That’s certainly the case with Kings and Thieves’ opener, “She Slipped Away,” complete with a classic rocking opening progression reminiscent of the Eagles’ “Chug All Night,” an anthemic chorus, really nice guitar soloing, and a well worn, but true, take on relationships and highways.  Here and in other tracks (“In the Dirt,” particularly) I’m also struck by a real Peter Murphy-ish sound, part of which is Tate’s vocal tone, but also in the song structures, which want to tend toward pop even as they’re definitely coming out of metal (in Murphy’s case, goth).  It’s as if there’s a desire for rebirth or newness, and even when this fails, as it does in the playa’ attempt of “The Way I Roll” (the man’s no Eminem or Kid Rock, and he shouldn’t feel he needs to be) I have to admire that he’s going after it.

The low-end grind of “Take a Bullet” and “In the Dirt” makes for awesome, straight-up hard rock perfect for the open highway.  Tate knows how to make his voice match a lyric and a lick, and carries it off even when he’s lyrically pushing things a bit (“She’s got moves like I’ve never seen, rides me hard like an exercise machine” … really?

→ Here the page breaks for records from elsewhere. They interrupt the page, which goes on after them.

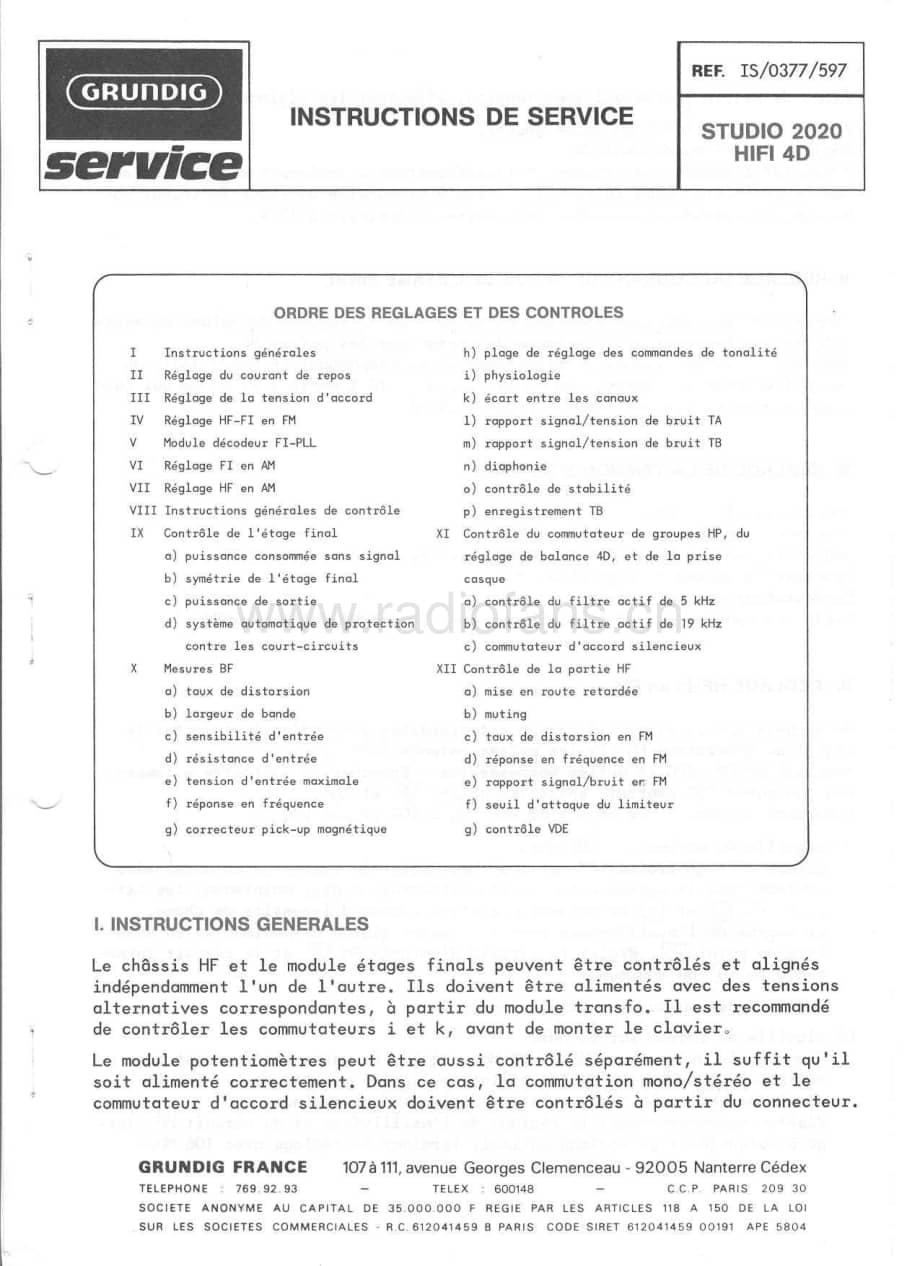 GrundigStudio2020 维修电路图、原理图.pdf_第1页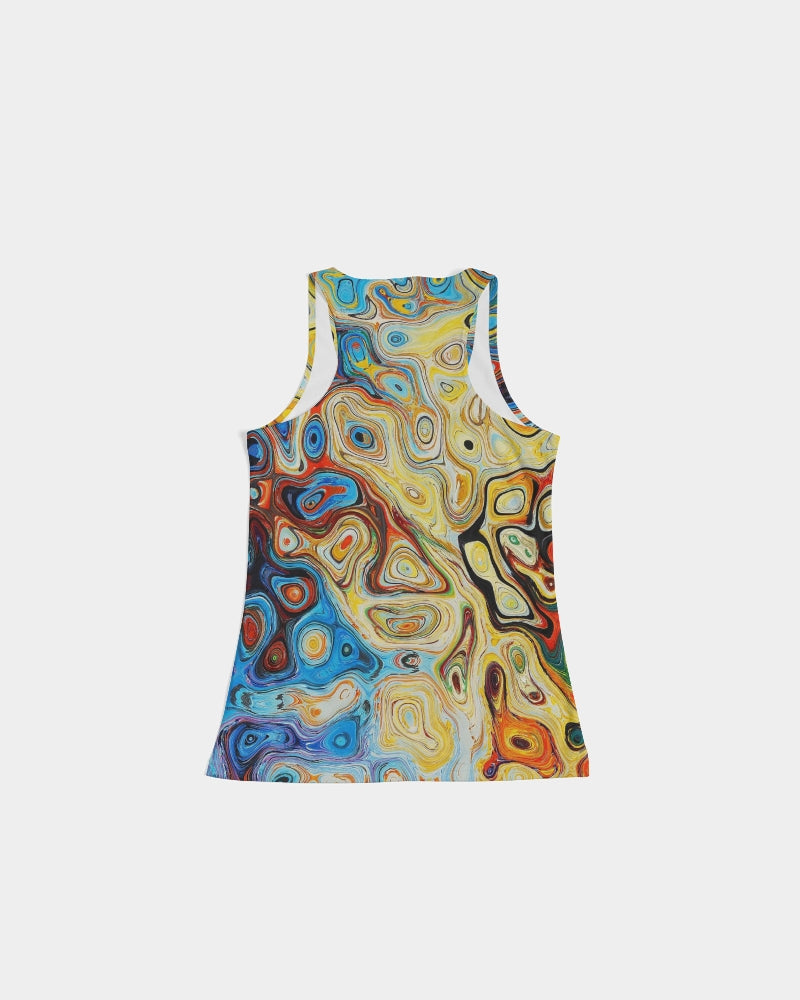 You Like Colors Women's Tank DromedarShop.com Online Boutique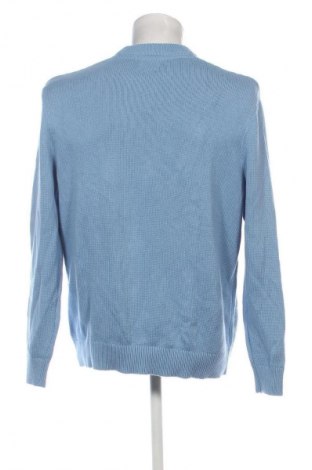 Męski sweter H&M, Rozmiar M, Kolor Niebieski, Cena 111,99 zł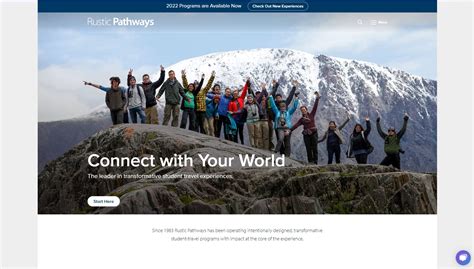 Image result for Rustic Pathways Programs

Smell the Glove, anyone?).  This record is like all those hard rock albums that came out on the various Columbia subsidiaries of the 70s — it’s like a Nugent record, where you’d get a handful of duff tracks but the rest rocks out enough to make you want to flash the horns, and between it and the next record you’d get enough great tracks for your one-band mixtape.

For those wanting a return to 80s power glory, look no further than “Tomorrow,” with its Kashmir-ish break and vocal choruses of “Tomorrow starts today…sometimes love is not enough….”  This is a bow to fans from back in the day, but Tate can really pull it off, convincingly and refreshingly.  Kashmir, interestingly, is referenced again in the next song, as “Evil” recycles another part of that indefatigable Zep riff, but it’s hard to care, because Tate really brings it to the mic.  “Dark Money,” with its stab at privilege and eco-political power, is an odd moment, not terribly well-matched by the absolute rock star howl that Tate can whip up (kind of like if Ian Gillan led Deep Purple through a ditty about the gas crisis of the 1970s).  “Glory Days” may suffer from the same problem, but again, is buoyed by Tate’s delivery and a crack band, which is really together throughout the album.  It’s a guitars and drums forward record, live sounding, with a rumbling bass lending metal grind to the tunes.  Pianos and synths illuminate when necessary, and keep me thinking, this is a really tastefully produced rock record that fans of classic Queensryche and hard rock in the new millenium can enjoy.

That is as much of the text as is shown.